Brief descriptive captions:

%%

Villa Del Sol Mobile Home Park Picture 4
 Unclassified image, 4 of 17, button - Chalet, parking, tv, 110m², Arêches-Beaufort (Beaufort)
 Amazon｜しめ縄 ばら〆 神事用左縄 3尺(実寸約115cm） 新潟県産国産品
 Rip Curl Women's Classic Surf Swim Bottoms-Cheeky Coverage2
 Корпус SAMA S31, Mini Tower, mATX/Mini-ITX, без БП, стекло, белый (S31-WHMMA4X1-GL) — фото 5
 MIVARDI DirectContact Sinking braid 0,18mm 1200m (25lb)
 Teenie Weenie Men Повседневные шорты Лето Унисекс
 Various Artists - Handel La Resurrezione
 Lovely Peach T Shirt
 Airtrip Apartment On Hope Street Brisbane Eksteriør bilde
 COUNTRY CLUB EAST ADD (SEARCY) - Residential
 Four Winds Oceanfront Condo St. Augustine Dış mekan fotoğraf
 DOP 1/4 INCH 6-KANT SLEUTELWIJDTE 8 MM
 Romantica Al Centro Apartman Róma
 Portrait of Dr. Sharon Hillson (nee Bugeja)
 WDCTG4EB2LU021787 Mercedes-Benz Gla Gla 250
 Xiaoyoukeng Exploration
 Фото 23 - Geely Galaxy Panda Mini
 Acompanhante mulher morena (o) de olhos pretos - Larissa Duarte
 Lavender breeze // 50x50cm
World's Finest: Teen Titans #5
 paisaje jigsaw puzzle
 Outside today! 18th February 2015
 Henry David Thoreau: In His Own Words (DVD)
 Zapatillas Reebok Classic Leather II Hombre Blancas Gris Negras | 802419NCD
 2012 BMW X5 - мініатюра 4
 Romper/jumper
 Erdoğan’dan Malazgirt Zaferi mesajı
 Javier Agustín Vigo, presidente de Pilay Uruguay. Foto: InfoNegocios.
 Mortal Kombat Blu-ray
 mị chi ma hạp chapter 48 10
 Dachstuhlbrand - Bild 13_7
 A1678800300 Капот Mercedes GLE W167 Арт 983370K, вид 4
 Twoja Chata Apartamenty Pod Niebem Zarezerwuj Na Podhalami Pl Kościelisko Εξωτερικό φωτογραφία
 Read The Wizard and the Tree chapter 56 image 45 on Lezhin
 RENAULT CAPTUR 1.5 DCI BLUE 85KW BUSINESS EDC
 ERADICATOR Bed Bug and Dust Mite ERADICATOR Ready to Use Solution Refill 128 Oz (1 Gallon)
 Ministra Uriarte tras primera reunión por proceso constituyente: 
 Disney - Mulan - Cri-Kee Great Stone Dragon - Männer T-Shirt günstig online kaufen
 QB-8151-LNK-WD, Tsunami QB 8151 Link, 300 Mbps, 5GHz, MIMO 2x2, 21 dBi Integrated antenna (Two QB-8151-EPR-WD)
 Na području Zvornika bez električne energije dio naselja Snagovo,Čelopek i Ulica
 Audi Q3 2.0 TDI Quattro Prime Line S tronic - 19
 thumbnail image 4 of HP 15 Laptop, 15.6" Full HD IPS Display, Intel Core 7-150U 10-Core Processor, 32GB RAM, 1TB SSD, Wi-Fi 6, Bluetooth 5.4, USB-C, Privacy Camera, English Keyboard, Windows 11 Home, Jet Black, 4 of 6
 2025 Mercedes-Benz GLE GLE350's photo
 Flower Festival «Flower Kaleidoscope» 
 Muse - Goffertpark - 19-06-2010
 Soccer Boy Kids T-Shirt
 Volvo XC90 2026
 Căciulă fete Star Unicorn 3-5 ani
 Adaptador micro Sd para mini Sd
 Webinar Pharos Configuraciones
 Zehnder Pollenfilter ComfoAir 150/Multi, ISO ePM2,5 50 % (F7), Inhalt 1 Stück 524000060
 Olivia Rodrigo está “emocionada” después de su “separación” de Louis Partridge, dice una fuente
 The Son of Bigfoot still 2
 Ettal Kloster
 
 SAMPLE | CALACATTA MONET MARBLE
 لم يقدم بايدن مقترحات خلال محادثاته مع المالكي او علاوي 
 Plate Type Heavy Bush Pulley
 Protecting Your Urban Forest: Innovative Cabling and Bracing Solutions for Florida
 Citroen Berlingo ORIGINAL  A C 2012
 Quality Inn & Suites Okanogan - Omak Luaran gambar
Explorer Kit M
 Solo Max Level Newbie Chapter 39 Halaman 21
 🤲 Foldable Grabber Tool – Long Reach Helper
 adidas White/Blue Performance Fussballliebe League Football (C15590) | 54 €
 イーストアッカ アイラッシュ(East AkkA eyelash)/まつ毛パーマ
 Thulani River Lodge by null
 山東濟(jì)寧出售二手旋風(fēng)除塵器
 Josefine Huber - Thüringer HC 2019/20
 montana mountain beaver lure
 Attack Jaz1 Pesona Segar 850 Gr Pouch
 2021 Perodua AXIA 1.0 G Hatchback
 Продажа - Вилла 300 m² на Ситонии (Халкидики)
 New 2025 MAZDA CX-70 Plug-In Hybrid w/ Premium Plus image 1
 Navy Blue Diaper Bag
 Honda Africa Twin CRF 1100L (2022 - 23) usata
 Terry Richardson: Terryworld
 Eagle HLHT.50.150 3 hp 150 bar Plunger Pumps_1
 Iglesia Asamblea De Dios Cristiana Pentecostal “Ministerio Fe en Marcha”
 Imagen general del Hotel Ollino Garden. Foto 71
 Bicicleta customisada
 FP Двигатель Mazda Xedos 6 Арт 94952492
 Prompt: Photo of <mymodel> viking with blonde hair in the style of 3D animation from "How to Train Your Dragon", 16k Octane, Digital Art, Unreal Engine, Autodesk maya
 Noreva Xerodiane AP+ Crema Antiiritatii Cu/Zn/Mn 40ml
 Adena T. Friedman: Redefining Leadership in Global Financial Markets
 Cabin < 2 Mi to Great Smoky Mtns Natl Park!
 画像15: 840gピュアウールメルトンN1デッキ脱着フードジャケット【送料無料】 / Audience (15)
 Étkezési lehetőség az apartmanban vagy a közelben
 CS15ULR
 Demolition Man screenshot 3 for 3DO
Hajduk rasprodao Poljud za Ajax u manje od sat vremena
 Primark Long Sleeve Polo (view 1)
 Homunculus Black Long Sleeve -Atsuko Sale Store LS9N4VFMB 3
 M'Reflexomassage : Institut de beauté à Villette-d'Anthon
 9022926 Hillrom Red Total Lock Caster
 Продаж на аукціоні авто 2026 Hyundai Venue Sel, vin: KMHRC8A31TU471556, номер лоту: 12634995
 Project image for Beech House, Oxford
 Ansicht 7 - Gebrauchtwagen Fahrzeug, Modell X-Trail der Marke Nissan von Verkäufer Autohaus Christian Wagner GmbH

%%

#### Work to complete:
Please give back, exactly as it stands above, the stretch from the line with "2021 Perodua AXIA 1.0 G Hatchback" through the line with "Project image for Beech House, Oxford", and no line outside it.

#### Solution to this exercise:
 2021 Perodua AXIA 1.0 G Hatchback
 Продажа - Вилла 300 m² на Ситонии (Халкидики)
 New 2025 MAZDA CX-70 Plug-In Hybrid w/ Premium Plus image 1
 Navy Blue Diaper Bag
 Honda Africa Twin CRF 1100L (2022 - 23) usata
 Terry Richardson: Terryworld
 Eagle HLHT.50.150 3 hp 150 bar Plunger Pumps_1
 Iglesia Asamblea De Dios Cristiana Pentecostal “Ministerio Fe en Marcha”
 Imagen general del Hotel Ollino Garden. Foto 71
 Bicicleta customisada
 FP Двигатель Mazda Xedos 6 Арт 94952492
 Prompt: Photo of <mymodel> viking with blonde hair in the style of 3D animation from "How to Train Your Dragon", 16k Octane, Digital Art, Unreal Engine, Autodesk maya
 Noreva Xerodiane AP+ Crema Antiiritatii Cu/Zn/Mn 40ml
 Adena T. Friedman: Redefining Leadership in Global Financial Markets
 Cabin < 2 Mi to Great Smoky Mtns Natl Park!
 画像15: 840gピュアウールメルトンN1デッキ脱着フードジャケット【送料無料】 / Audience (15)
 Étkezési lehetőség az apartmanban vagy a közelben
 CS15ULR
 Demolition Man screenshot 3 for 3DO
Hajduk rasprodao Poljud za Ajax u manje od sat vremena
 Primark Long Sleeve Polo (view 1)
 Homunculus Black Long Sleeve -Atsuko Sale Store LS9N4VFMB 3
 M'Reflexomassage : Institut de beauté à Villette-d'Anthon
 9022926 Hillrom Red Total Lock Caster
 Продаж на аукціоні авто 2026 Hyundai Venue Sel, vin: KMHRC8A31TU471556, номер лоту: 12634995
 Project image for Beech House, Oxford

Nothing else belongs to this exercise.